But the description is open to interpretation; it’s neither photographic nor dictated only by the taxonomical concern of species differentiation, even though the paintings were made from pinned specimens.

Just compare them to an Audobon bird, which is crisp and labeled, hard-edged, closely observed and cool.

These moths are surely something else. As in Javens’ past images of beasts, the moths are isolated in the struggle for survival–which they have lost.Their fuzziness is painted like locks of hair, slightly mussed–too tender and specific a description for mere moths. The moths have dignity.

Yet the human metaphor is hard won from dead moths, which repel with their creepiness and insecthood. And with this struggle between identification and rejection lies the power of these paintings. Perhaps we humans aren’t all that swell afterall; perhaps we too repel at the same time that we astonish with our bells and whistles and uniqueness. Looking back at her past work, I couldn’t help but wonder if Javens’ bulls and horses were also intended to repel, but that somehow I missed it (right, “C Sphinx,” oil on linen on wood, 18″ x 24″; the moth’s sphinx-like “face” and pokey bottom belong in a horror movie).

By taking this tough position between humanity and mothiness, the paintings, for all their Victorian references, remain thoroughly modern. I read the moths as a way to understand the vulnerability and loneliness of all creatures as they participate in life and death in a pitiless universe. Some of the moths, with their wings less stretched, look exhausted by the struggle.

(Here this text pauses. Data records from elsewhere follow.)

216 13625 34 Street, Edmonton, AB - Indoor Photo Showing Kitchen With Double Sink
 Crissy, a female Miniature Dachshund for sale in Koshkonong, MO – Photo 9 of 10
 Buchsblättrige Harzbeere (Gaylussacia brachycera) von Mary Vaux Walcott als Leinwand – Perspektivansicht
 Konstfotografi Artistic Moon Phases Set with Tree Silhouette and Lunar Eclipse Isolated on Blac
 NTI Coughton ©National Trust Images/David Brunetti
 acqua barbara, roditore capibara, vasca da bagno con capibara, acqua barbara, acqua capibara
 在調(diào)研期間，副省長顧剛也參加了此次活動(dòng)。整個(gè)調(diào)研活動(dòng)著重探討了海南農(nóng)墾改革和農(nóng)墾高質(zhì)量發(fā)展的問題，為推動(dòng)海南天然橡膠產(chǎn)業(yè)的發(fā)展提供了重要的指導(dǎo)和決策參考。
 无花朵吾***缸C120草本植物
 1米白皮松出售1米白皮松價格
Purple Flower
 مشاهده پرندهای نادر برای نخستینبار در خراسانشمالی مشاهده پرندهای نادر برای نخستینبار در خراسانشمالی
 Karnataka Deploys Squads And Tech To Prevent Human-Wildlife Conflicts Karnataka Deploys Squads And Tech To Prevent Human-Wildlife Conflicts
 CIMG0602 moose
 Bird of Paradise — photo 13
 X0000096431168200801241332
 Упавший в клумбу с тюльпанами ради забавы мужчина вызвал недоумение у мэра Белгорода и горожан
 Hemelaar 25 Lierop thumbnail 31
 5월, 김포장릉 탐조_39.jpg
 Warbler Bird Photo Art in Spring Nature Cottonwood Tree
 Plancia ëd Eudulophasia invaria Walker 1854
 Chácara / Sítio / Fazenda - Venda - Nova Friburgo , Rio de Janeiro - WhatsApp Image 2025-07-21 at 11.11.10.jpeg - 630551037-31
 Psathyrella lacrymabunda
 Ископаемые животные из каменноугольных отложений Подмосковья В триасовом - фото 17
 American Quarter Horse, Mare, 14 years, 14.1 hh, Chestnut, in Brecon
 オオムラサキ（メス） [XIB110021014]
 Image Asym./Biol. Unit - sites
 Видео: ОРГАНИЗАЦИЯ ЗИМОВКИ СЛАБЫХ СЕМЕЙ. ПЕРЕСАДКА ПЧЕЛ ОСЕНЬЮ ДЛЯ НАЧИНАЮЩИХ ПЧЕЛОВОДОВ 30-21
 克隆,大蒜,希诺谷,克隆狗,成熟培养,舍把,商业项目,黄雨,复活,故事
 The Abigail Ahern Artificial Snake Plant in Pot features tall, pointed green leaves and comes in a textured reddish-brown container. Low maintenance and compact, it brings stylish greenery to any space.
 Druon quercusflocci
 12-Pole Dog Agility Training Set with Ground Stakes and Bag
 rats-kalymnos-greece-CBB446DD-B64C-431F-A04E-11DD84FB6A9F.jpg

The judiciously applied paint is a real, but subtle presence in this work. Most of the paintings are small, about 10 to 20 inches.

The decision to paint the largest of the work on theater muslin immediately raises questions about the artist’s intent. And the unstretched, pinned-to-the-wall muslin references the fate of the creatures themselves (left, “TAM, Sphinx,” oil on theater muslin, 66″ x 106″).